Przypomina to nieco grę fabularną, w której bohater ma nieskończenie wiele misji do zrealizowania, gdzie podejmuje niezliczoną liczbę decyzji, zmieniających kolejne działania. Przed powstaniem tej technologii, dane były rozproszone w komputerach rozsianych po całym świecie i aby się do nich dostać użytkownik musiałby fizycznie usiąść przed każdym z nich i przeszukać jego zawartość, aby znaleźć informacje,  której szuka. Wspomniany wyżej pracownik CERN wprowadził przełom. Każdy z dostępem do sieci Internet mógł tam umieścić dane, a pozostali mogli do nich dotrzeć. Jak to bywa z genialnymi czy przełomowymi wynalazkami, początkowo koncepcja nie spotkała się z akceptacją.

Na podstawie koncepcji WWW powstała sieć Web 1.0, która ograniczała się do odczytu informacji bez wprowadzenia interakcji. Użytkownicy mogli przeczytać dokument bez większej możliwości działania. Strony były statyczne bez elementów dynamicznych. Można powiedzieć, że Web 1.0 przypominało „serfowanie” po katalogach biblioteki. Przyjmuje się, że ta technologia dominowała w latach 1991 do 2005 roku. Co ciekawe od 1993 roku funkcjonowała już pierwsza wyszukiwarka Aliweb, którą można uznawać za protoplastę dzisiejszego Google.

Niecałe 15 lat później w 2004 roku niejaki Dale Dougherty zdefiniował nowy standard www nazywany Web 2.0. Strony działające w technologii Web 2.0 pozwalały nie tylko na gromadzenie informacji, ale również oferowały interakcję między użytkownikami. Wtedy notujemy rozpoczęcie działalności, a następnie skokowy wzrost popularności portali społecznościowych w tym p.. Facebooka. Powstały też podwaliny pod powszechnie dzisiaj używane narzędzia np. WordPress. Technologia Web drugiej generacji pozwoliła na niesamowite przyspieszenie interakcji użytkowników na skalę światową.
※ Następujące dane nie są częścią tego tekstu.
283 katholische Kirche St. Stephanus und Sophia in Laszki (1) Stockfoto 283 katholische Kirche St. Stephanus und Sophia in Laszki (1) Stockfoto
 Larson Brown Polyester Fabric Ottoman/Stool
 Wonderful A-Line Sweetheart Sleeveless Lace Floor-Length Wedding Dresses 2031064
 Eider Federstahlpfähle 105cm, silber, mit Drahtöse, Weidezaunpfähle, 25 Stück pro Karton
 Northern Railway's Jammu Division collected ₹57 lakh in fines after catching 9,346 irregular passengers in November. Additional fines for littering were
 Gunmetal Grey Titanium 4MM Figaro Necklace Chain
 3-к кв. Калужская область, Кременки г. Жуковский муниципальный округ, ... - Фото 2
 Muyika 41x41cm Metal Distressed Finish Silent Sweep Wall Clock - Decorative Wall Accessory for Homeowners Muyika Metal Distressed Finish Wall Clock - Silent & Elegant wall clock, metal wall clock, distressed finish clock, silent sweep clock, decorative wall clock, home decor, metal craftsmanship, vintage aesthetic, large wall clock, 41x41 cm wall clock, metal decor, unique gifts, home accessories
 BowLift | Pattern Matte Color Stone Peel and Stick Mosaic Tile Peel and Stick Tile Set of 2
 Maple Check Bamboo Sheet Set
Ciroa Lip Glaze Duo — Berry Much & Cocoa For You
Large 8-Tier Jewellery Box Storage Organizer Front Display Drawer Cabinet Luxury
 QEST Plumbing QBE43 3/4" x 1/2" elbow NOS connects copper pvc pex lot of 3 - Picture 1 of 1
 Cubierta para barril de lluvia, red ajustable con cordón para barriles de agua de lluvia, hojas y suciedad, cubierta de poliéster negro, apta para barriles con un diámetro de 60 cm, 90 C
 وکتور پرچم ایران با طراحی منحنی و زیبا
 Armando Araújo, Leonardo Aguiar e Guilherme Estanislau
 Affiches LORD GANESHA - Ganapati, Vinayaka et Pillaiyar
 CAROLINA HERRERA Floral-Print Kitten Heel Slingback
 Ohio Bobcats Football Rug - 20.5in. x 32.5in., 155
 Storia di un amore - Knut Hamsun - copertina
Katalizatorem działań w ramach Web 2.0 było przyjęcie konceptu AJAX, który zakładał tworzenie bardziej dynamicznych stron www. Technologia AJAX pozwalała na aktualizację strony przez odświeżanie jej tylko częściowo. Brzmi banalnie, ale wyobraźmy sobie, że wrzucając coś na YouTube przez jednego użytkownika czekamy, aż cały serwis się zaktualizuje. Utorowało to drogę do dynamicznego rozwoju współczesnych gigantów – wspomnianego YouTube, Facebook, Twitter czy Google.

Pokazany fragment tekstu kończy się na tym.